# Apologetics Resources



## Marrow Man (Aug 23, 2009)

I just received a call from a fellow pastor. He has a guy in his church (this is a rural church in northern Miss.) who has slowly began to doubt some fundamental Christian teachings. This is primarily because he has become enamored with internet discussion groups (!) that are skeptical in nature. Thus, he has begun asserting that the Bible has contradictions, the creation story is a myth, etc. I believe he caused a stir in a SS class this morning.

I told the pastor he may need to think about church discipline, but he wanted to do a little "pastoring" first. This guy will not read a book (he's tried), but he likes going to websites. The pastor asked if I could recommend some websites to him to pass along to the man. These are the ones I thought of:


CARM - Christian Apologetics & Research Ministry
Monergism.com :: Classic Articles and Resources of the Historic Christian Faith (probably too theological in nature, so we discounted this one)
Tekton Apologetics Ministries. James Patrick Holding. Tektonitron apologetics Encyclopedia. answering Bible difficulties and Bible contradictions (this isn't Reformed, but the guy who runs it is a meticulous researcher, though he is also somewhat abrasive with skeptics)
Christian Research Institute and the Bible Answer Man, Hank Hanegraaff (the CRI website; it's very "busy" though and difficult to navigate through)

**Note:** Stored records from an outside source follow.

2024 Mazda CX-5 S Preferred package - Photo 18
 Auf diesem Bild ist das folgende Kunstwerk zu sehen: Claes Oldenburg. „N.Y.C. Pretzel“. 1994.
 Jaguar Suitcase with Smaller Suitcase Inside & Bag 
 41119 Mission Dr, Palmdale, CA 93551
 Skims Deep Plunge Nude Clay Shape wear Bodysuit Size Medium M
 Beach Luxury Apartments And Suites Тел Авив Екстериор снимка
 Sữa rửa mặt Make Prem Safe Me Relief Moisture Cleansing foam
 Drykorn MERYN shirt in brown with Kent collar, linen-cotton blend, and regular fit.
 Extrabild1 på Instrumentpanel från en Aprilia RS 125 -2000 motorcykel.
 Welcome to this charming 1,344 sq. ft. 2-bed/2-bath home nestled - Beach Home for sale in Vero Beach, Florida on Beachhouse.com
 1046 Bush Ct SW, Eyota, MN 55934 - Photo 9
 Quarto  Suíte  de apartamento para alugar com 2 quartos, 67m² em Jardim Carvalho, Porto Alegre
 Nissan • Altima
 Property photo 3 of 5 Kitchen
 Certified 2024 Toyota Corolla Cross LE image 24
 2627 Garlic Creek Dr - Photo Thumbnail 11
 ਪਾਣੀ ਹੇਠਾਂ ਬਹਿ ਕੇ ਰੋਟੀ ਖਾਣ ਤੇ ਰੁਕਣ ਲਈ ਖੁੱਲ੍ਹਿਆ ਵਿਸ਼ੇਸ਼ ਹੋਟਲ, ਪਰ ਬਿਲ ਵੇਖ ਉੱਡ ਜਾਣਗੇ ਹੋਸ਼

Do any of you know any other websites that I could pass along to this pastor?


----------



## steven-nemes (Aug 23, 2009)

The Veritas Forum has lectures from professional philosophers on a variety of topics.


----------



## Hungus (Aug 23, 2009)

Don't forget James White's AOMin

Alpha and Omega Ministries, The Christian Apologetics Ministry of James R. White


----------



## Marrow Man (Aug 23, 2009)

Thanks for the responses. Keep in mind that the pastor will be passing along the website to the guy to read. This guy is not particularly skilled intellectually in matters of philosophy and so forth. So it needs to be something accessible to him.


----------



## steven-nemes (Aug 23, 2009)

Well that's the problem: he's not skilled in philosophy and he hangs out on skeptical internet message boards, where all kinds of junk is passed on as "rational". Internet infidel types are not necessarily very intelligent people; they just fancy themselves to be in favor of "reason" and "rationality", and so on.


----------



## Hungus (Aug 23, 2009)

Ugh and they abuse the word "rational" I find most people who say belief is not rational do not know what rational means and especially do not understand rationalism.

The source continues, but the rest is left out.